Paradójicamente, Alfred Bosch, portavoz de Esquerra Republicana en el Congreso de los diputados, puso en duda en su intervención la representatividad de los diputados que se inclinaban por el “no” y optó por dirigirse directamente al pueblo español. No negaré los defectos que tiene la democracia representativa, pero, hoy por hoy, no parece que se haya inventado otro régimen mejor. En cualquier caso, retornemos a los números. Entre PP, PSOE y UPD, mal que a algunos nos pese, obtuvieron en las pasadas elecciones el 87,52% de los votos emitidos que, con una participación del 71,69%, representa el 62, 74% del total. Si fuese cierto lo que el señor Bosch dice de que no son representativos de la sociedad española, no sé qué habría que decir de los partidos que proponían la consulta que solo obtuvieron el apoyo del 37,73% de los electores catalanes.
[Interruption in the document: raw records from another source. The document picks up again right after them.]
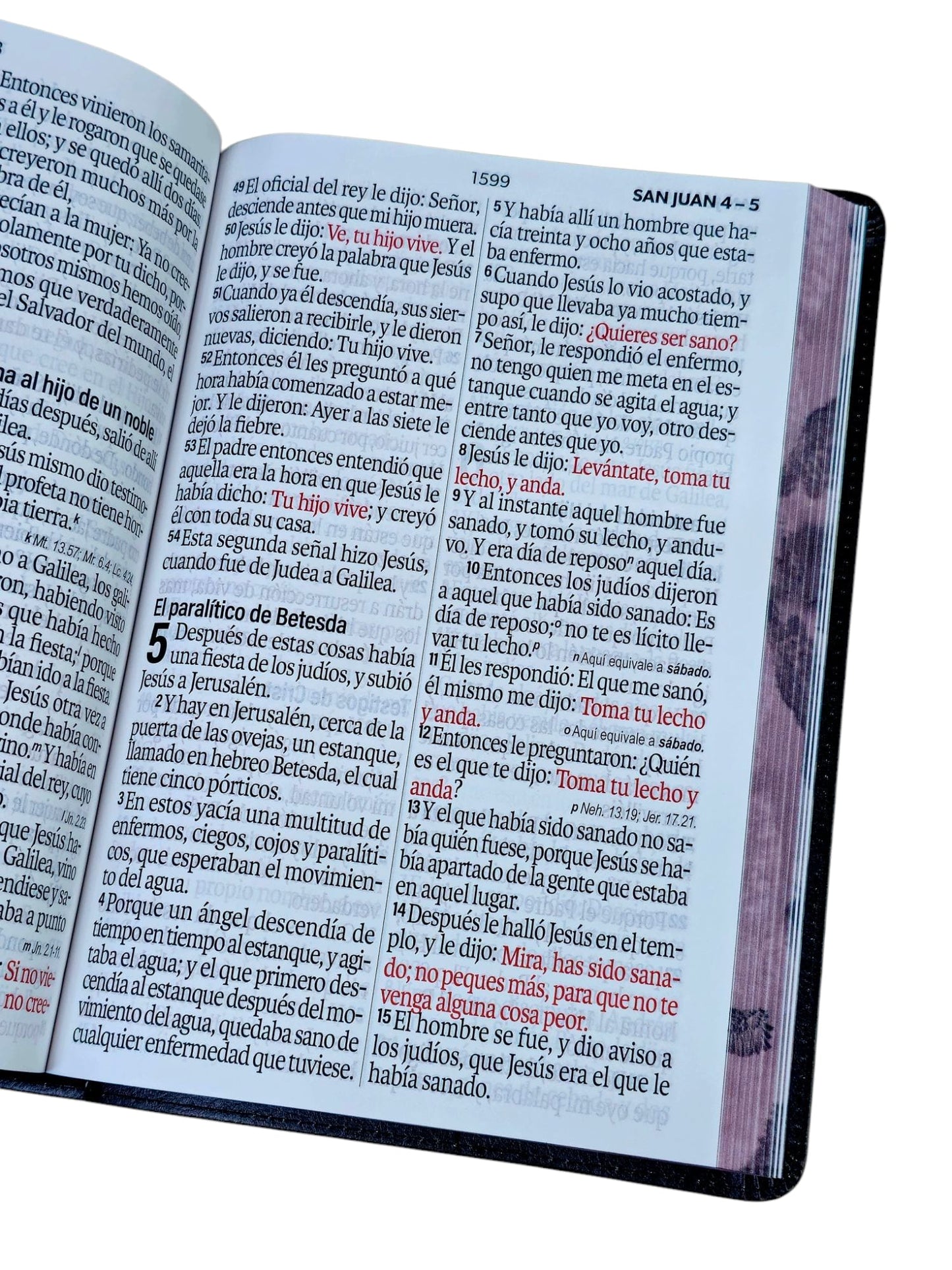 Biblia aguila RVR.1960 letra super gigante 19 punto los que esperan en jehova Imitación Piel negro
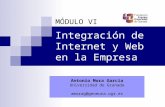 Integración de Internet y Web en la Empresa MÓDULO VI Antonio Mora García Universidad de Granada amorag@geneura.ugr.es.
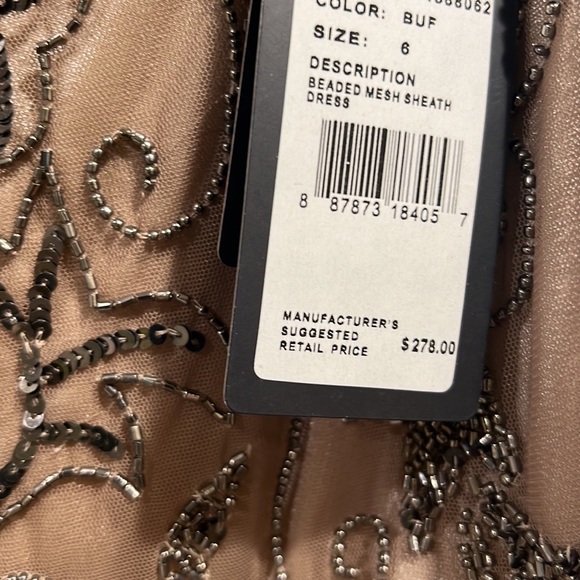 Adrianna Papell beaded nude mesh sheath dress - Picture 10 of 10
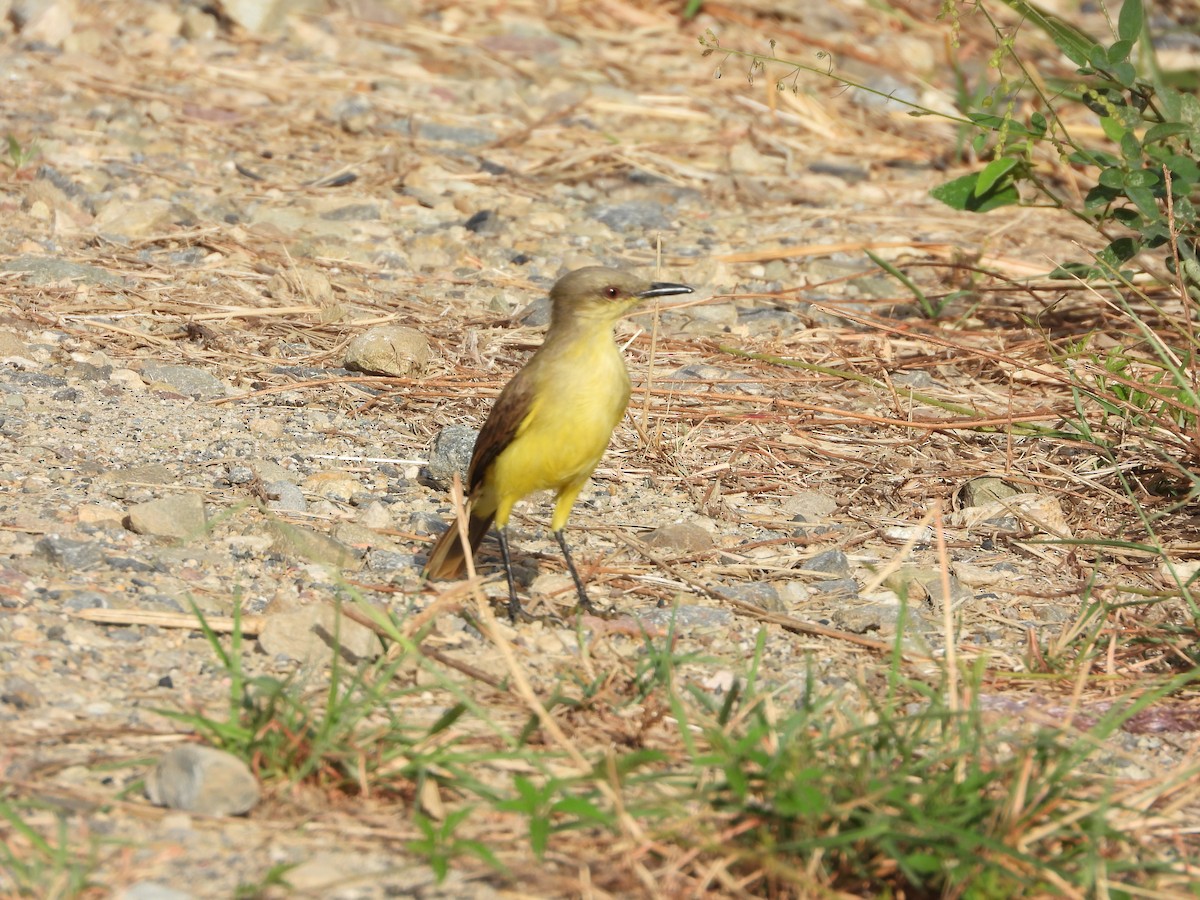 Graslandtyrann - ML646075170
Hoy se habla mucho de consenso; incluso se pone como ejemplo el talante de diálogo y acuerdo que presidió la Transición, aunque se ha profundizado poco en los que ello representó. La Constitución fue ante todo un pacto de una España, como se dice ahora, plural, un pacto entre izquierdas y derechas, entre los del antiguo régimen y los antifranquistas y también entre jacobinos y nacionalistas. Se ha dicho que la Constitución es de todos; es de todos porque no era de nadie y a nadie convencía de forma absoluta. Nadie estaba con ella al cien por cien. Todos, absolutamente todos, tuvimos que renunciar a parte de nuestras pretensiones y asumir otras que no compartíamos. Muchos, un gran número de españoles, me atrevo a decir que la mayoría, tuvimos que aceptar las Autonomías para que los nacionalistas se sintiesen medianamente a gusto, y para que Mas pueda ser ahora presidente de la Generalitat.

Ahora bien, es ese carácter de pacto que tiene la Constitución el que exige que, como todo pacto, no se pueda romper unilateralmente. Se puede reformar, sí, pero por acuerdo y cumpliendo los procedimientos establecidos en el propio pacto. El problema es si hoy estamos dispuestos a llegar a un consenso parecido al de ayer, consenso que exigiría como entonces la renuncia mutua y que resulta imposible cuando una parte lo plantea únicamente en clave de ganancia y de conseguir una situación de privilegio con respecto al resto de España.